Clara's Keith Hogan was the wrong man to be giving chances to and he ended up with a dozen points, all from frees but his dead-ball acumen wasn't sufficient in itself to give the favourites the scoreboard initiative during a second half when they determinedly whittled away at what was at one stage a seven-point deficit. The gap was twice cut back to two.

A glorious strike from Colm Cronin on the right wing restored Cuala’s lead to four as the match ticked into injury-time and that effectively brought down the curtain.

“Semi-finals are for winning,” said Kenny afterwards. “We had to work very hard for that and the lads put in a huge shift to get a result and fair play to them.

Composure

“The goals were critical scores.
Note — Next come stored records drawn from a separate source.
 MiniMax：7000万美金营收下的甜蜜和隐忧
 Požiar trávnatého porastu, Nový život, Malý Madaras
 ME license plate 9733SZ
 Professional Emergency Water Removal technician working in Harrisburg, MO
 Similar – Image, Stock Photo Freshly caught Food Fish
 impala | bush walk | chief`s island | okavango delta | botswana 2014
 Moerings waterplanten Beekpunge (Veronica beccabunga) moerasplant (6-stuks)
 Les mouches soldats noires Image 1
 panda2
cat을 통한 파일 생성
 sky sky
Mark made one and got the other. It gave us that lead going in at half-time and then coming out after half-time and facing a strong breeze it really gave us a good platform.
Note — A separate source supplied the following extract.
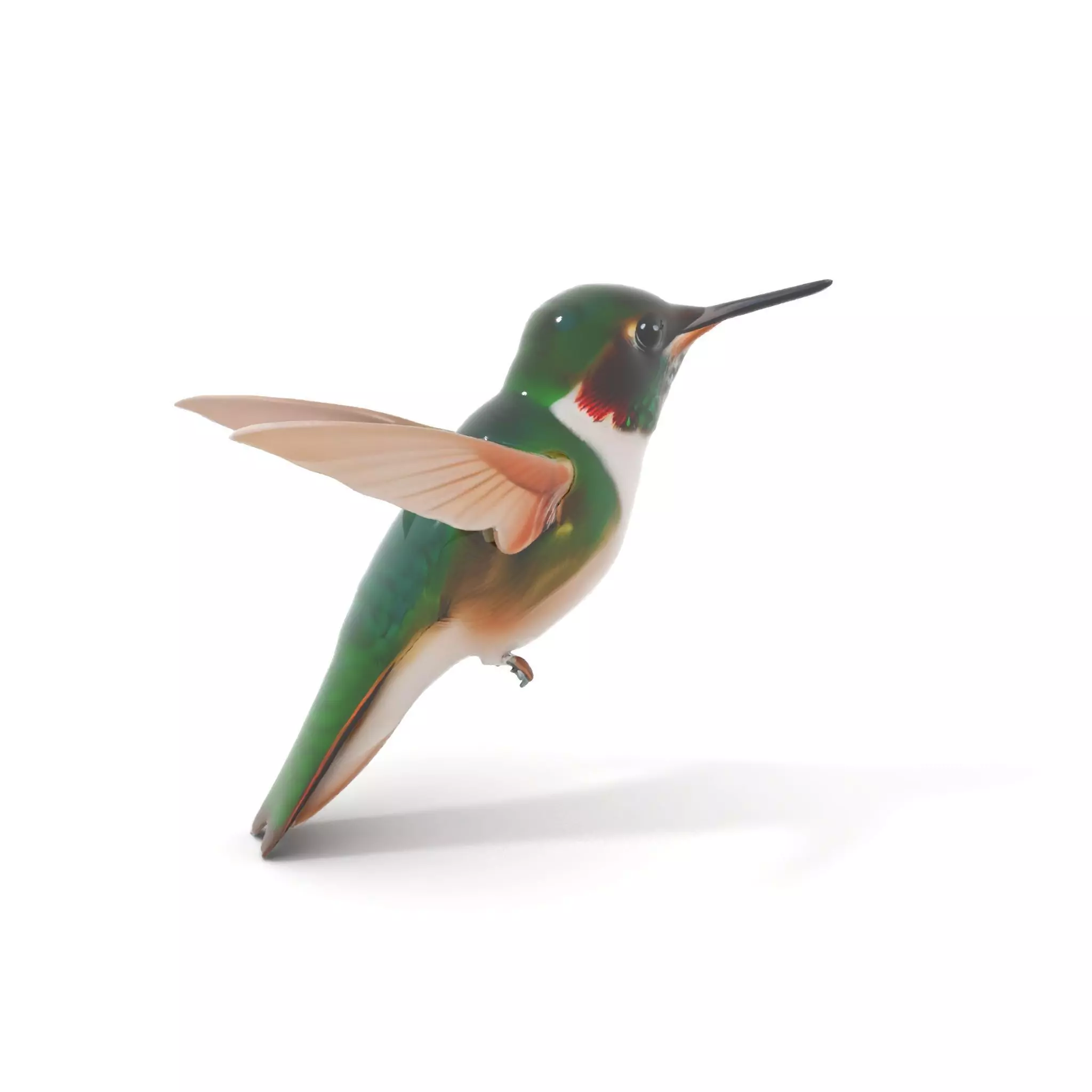 Emerald Hummingbird model pack Low-poly 3D model_6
“Our lads showed composure. We said we had to keep the scoreboard ticking, from frees or play – whatever it was. We knew they’d come back. There was a strong breeze into us but the lads kept working away and it wasn’t easy; that was a good Clara team.”
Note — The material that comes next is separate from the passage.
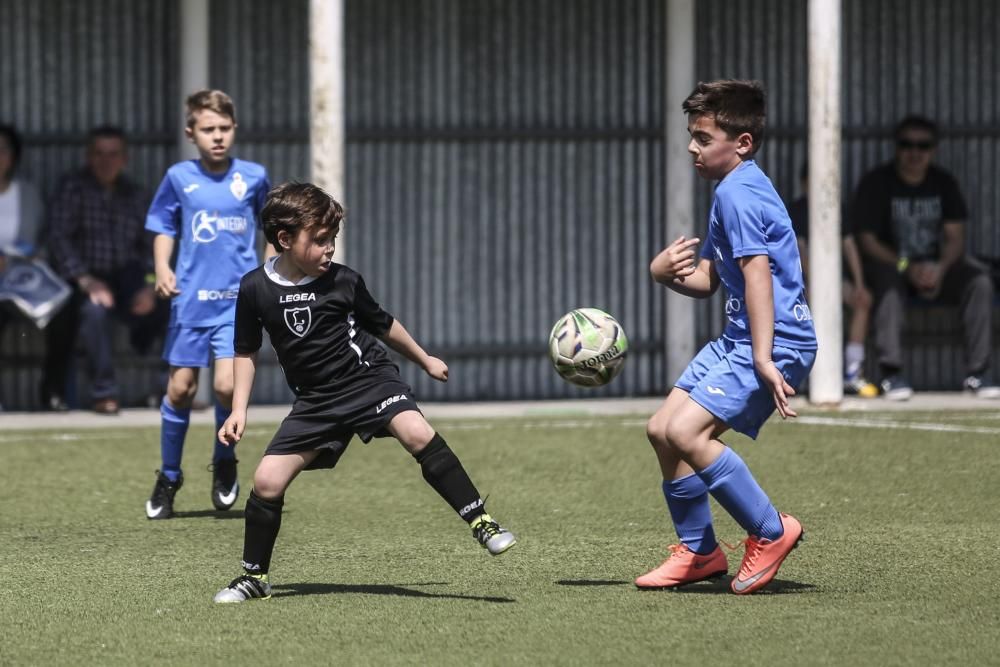 Partidos y actividades de la Oviedo Cup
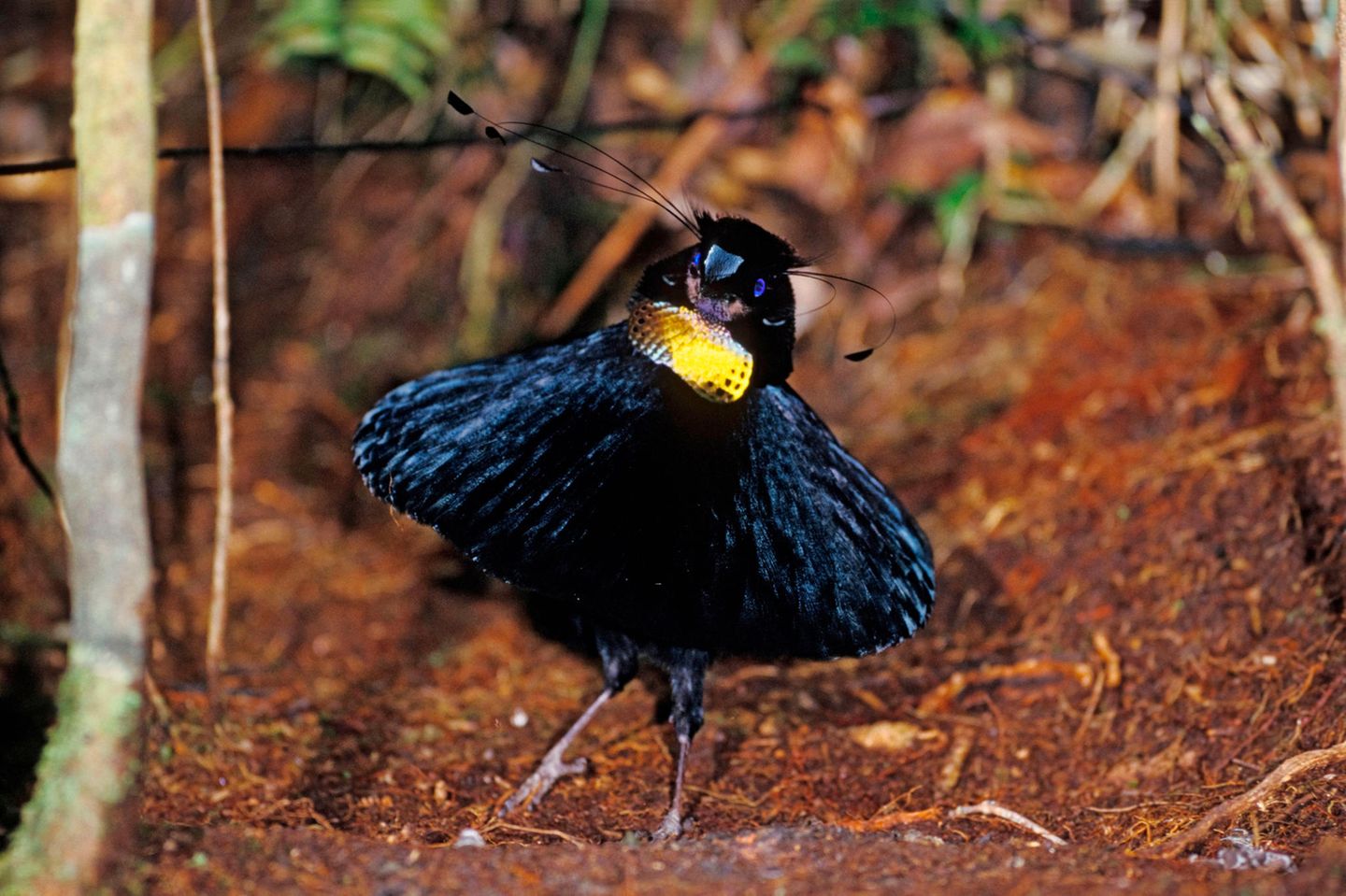 schwarzer Vogel mit leuchtendem Latz und ausladenden Schmuckfedern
The first quarter was a cagey affair with half of the scores coming from frees, converted by both Hogan and his counterpart David Treacy.

Clara were characteristically hard working, at one stage hustling the Cuala defence into coughing up a free 25 metres out for over-holding.

As the match settled, however, the Dublin champions began to hit their stride and stretch their opponents. Darragh O'Connell and Jake Malone were putting it up to Lester Ryan and Jack Langton at centrefield and the first incision came with Clara 0-6 to 0-5 ahead.

According to Kenny, he encourages the players to go for goals and after being placed for a shot by Schutte, Cronin obliged in the 15th minute, disdaining an easy point and lashing in the opening goal. Cuala would never trail again in the match.

Equaliser

Clara still chased hard; Hogan shot his frees and

Liam Ryan

swept over an equaliser but Cuala kept inching ahead.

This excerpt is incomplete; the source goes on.